• **What to work on**: Give the data again exactly, without images.

• **Data provided**:
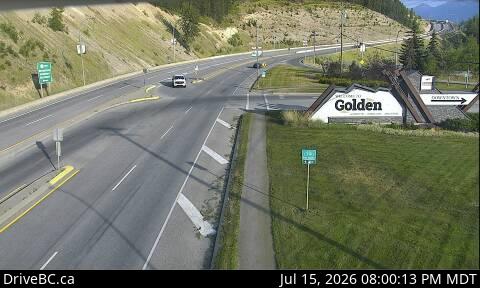 DriveBC webcam: Golden — Eastbound on Highway 1 (Rogers Pass)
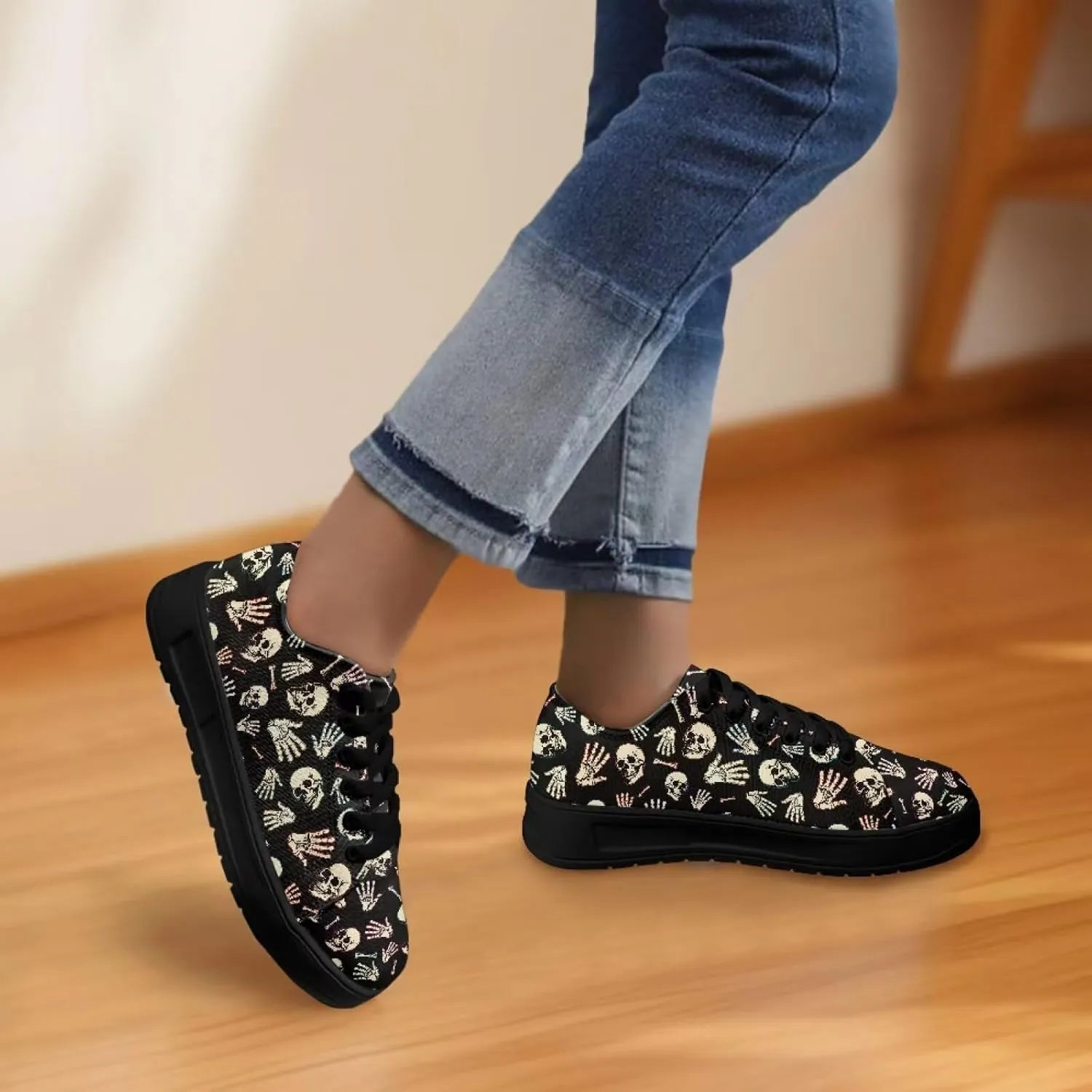 Women Classic Fashion Sneakers Lace Up Low Top Canvas Casual Sneakers Lightweight Breathable Comfort Wide Toe Shoes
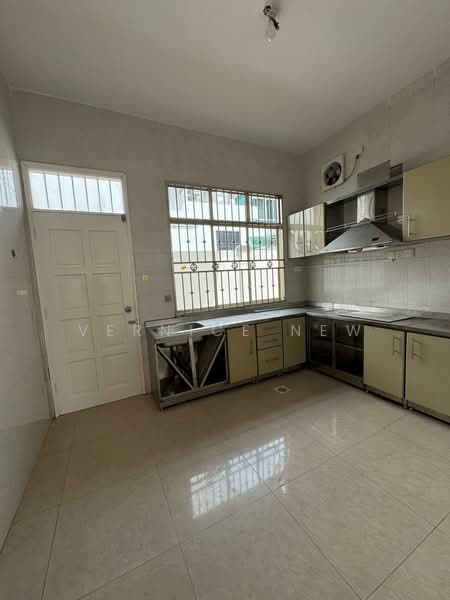 Semi-Detached House for Sale in Taman Impian Emas (Skudai) - Vernice New - Kitchen - PropertyGuru.com.my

• **Your solution**:
 DriveBC webcam: Golden — Eastbound on Highway 1 (Rogers Pass)
 Women Classic Fashion Sneakers Lace Up Low Top Canvas Casual Sneakers Lightweight Breathable Comfort Wide Toe Shoes
 Semi-Detached House for Sale in Taman Impian Emas (Skudai) - Vernice New - Kitchen - PropertyGuru.com.my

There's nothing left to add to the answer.